As promised, this is the SC version of the example code comparing and challenging assumptions on regression (example 9).
//In this patch we will try to make sense of a few behaviours of the regressors we have. This is a toy example with 3 then 4 samples, but it showcases a few of the behaviours and assumptions we might have that might be innaccurate.
//Here we make a 3-points pair of dataset.
~dsIN = FluidDataSet(s,\dsIN);
~dsIN.load(Dictionary.newFrom([\cols, 1, \data, Dictionary.newFrom([\point1, [10], \point2, [20], \point3, [30]])]));
~dsOUT = FluidDataSet(s,\dsOUT);
~dsOUT.load(Dictionary.newFrom([\cols, 1, \data, Dictionary.newFrom([\point1, [0.8], \point2, [0.2], \point3, [0.5]])]));
//check the values
~dsIN.print;~dsOUT.print;
// make a graph to visualise it
(0.dup(10) ++ 0.8 ++ 0.dup(9) ++ 0.2 ++ 0.dup(9) ++ 0.5 ++ 0.dup(10)).plot(\source,discrete: true, minval:0, maxval: 1).plotMode=\bars;
//Let's make a complete dataset to predict each points in our examples:
~dsALLin = FluidDataSet(s,\dsALLin);
~dsALLin.load(Dictionary.newFrom([\cols, 1, \data, Dictionary.newFrom(Array.fill(41,{|x| [x.asSymbol, [x]];}).flatten(1);)]));
~dsALLin.print
//We'll regress these values via KNN and plot
~regK = FluidKNNRegressor(s,numNeighbours: 2,weight: 1);
~dsALLknn = FluidDataSet(s,\dsALLknn);
~regK.fit(~dsIN,~dsOUT);
~regK.predict(~dsALLin,~dsALLknn);
//retrieve and plot our data
(
~knnALLval = Array.new(41);
~dsALLknn.dump{|x| 41.do{|i|
~knnALLval.add((x["data"][i.asString]))
}};
)
~knnALLval.flatten(1).plot(\source,discrete: true, minval:0, maxval: 1).plotMode=\bars;
//Regressing directly these value-pairs in knn we see a full set of values being predicted: we can see what looks like linear interpolation, but not outside the boundaries. This is because we make a weighted average of the nearest 2 neigbourgs, which are not necessarily around the predicted value, they might both be on the same side like 0 to 9 (10 and 20 are nearest) and 31 to 40 (20 and 30 are nearest).

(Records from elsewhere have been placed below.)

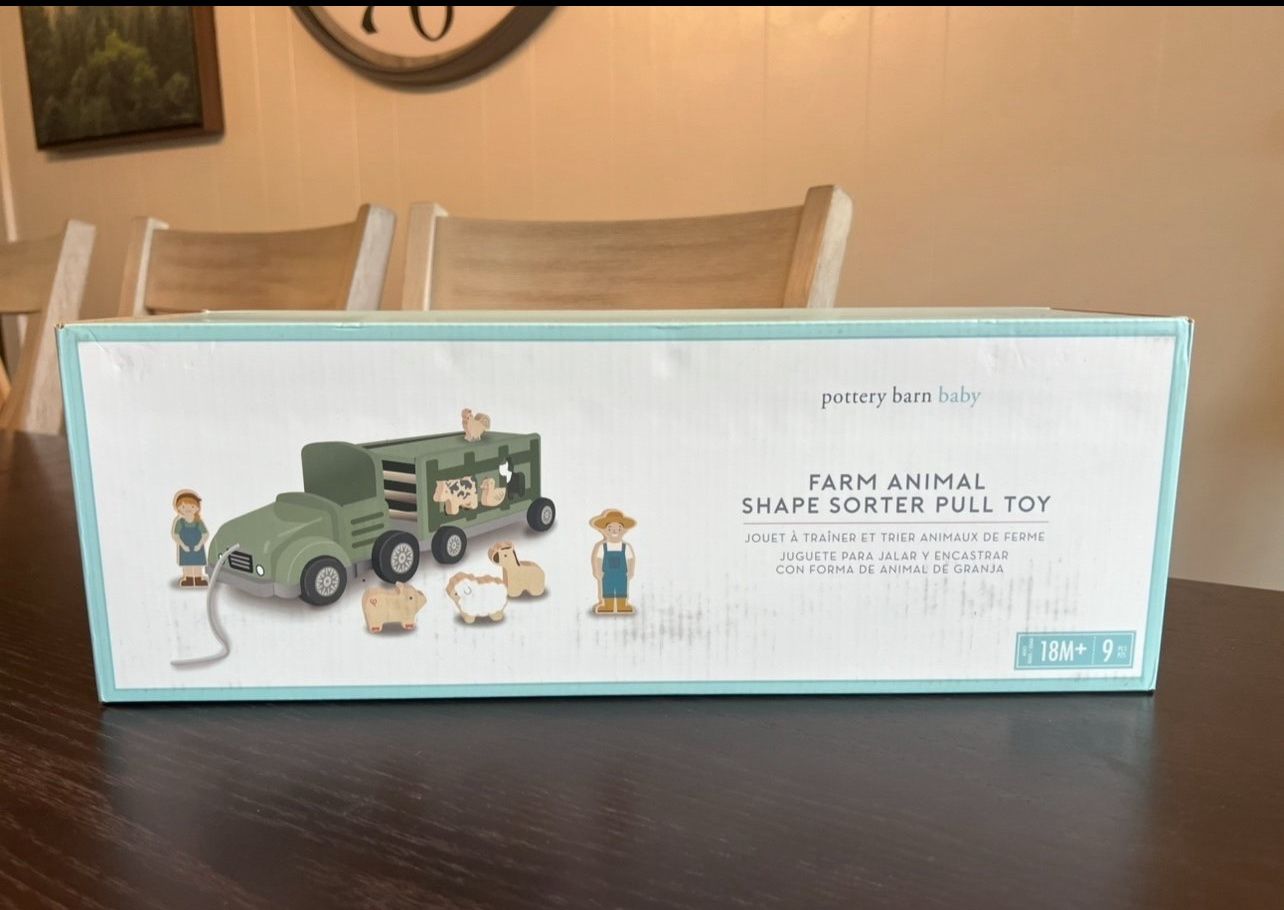 Pottery Barn Kids Wooden Farm Animal Shape Sorter Pull Toy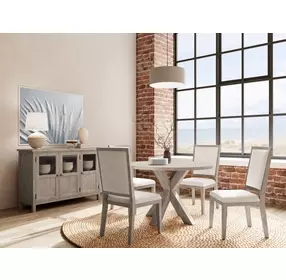 Bennett Frosted Gray 48" Round Dining Table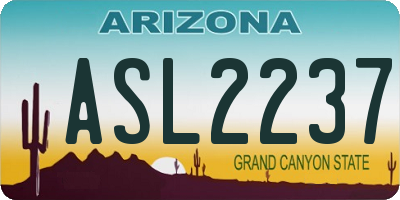 AZ license plate ASL2237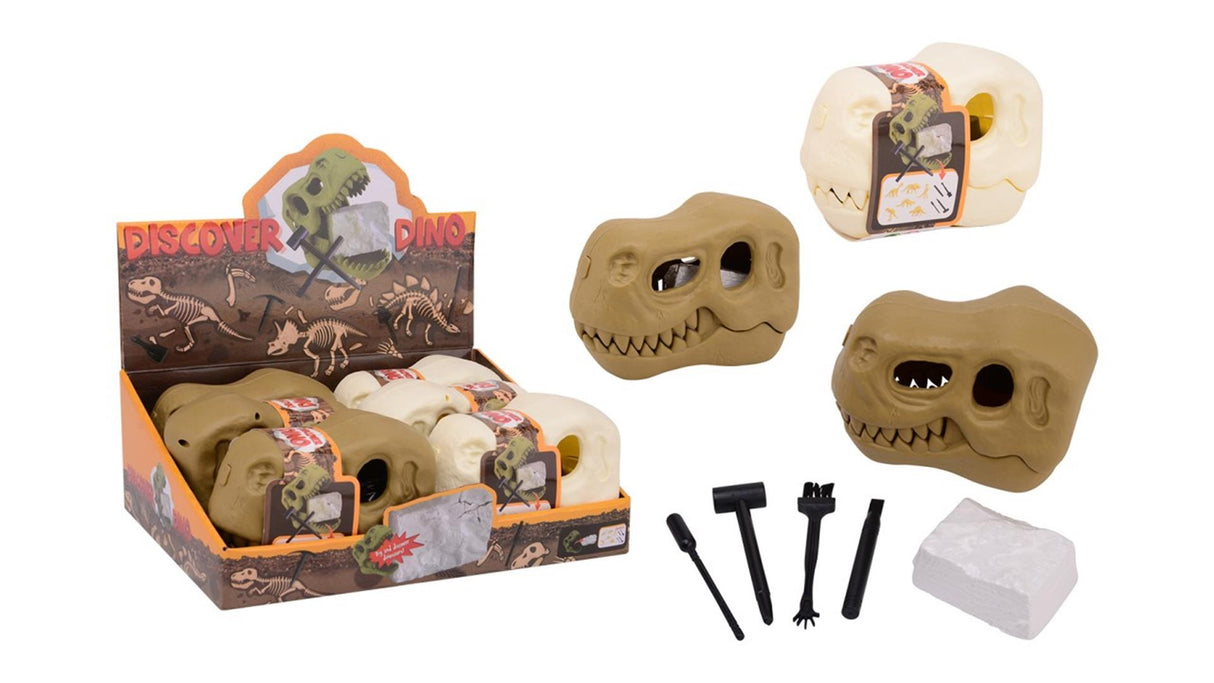 Johntoy dinosaur skull with fossil carving set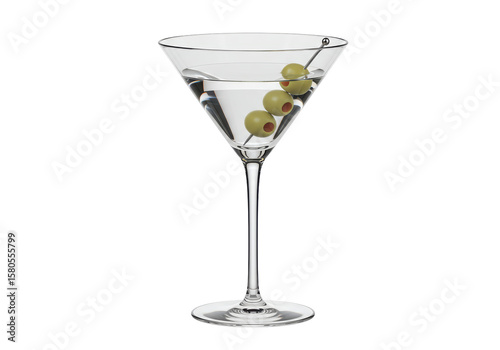 Quadro su tela Isolated Martini Glass with Olives Elegant and Classic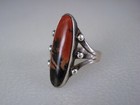 Old Navajo Sterling Silver   Red black Petrified Wood Ring Size 5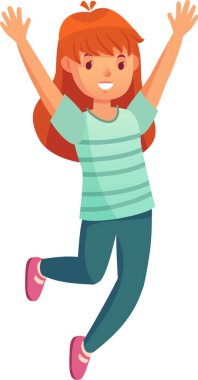 Çizgili tişörtü ve deniz mavisi pantolonuyla neşeli bir kızıl kız kollarını kaldırmış, çocukluk kutlamasında mutluluk ve heyecan saçıyor.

//Let's do the same process with MLP
~regM = FluidMLPRegressor(s,hidden: [4],activation: 1,outputActivation: 1,maxIter: 10000,learnRate: 0.1,momentum: 0,batchSize: 1,validation: 0);
~dsALLmlp = FluidDataSet(s,\dsALLmlp);
~regM.fit(~dsIN,~dsOUT,{|x|x.postln;});
~regM.predict(~dsALLin,~dsALLmlp);
(
~mlpALLval = Array.new(41);
~dsALLmlp.dump{|x| 41.do{|i|
~mlpALLval.add((x["data"][i.asString]))
}};
)
~mlpALLval.flatten(1).plot(\source,discrete: true, minval:0, maxval: 1).plotMode=\bars;
//We see that we have a large bump and nothing else. This is because our input are very large (10-30) and outside the optimal range of the activation function (0-1 for sigmoid) so our network saturates and cannot recover. If we normalise our inputs and we rerun the network we get a curve that fits the 3 values. You can fit more than once to get more iterations and lower the error.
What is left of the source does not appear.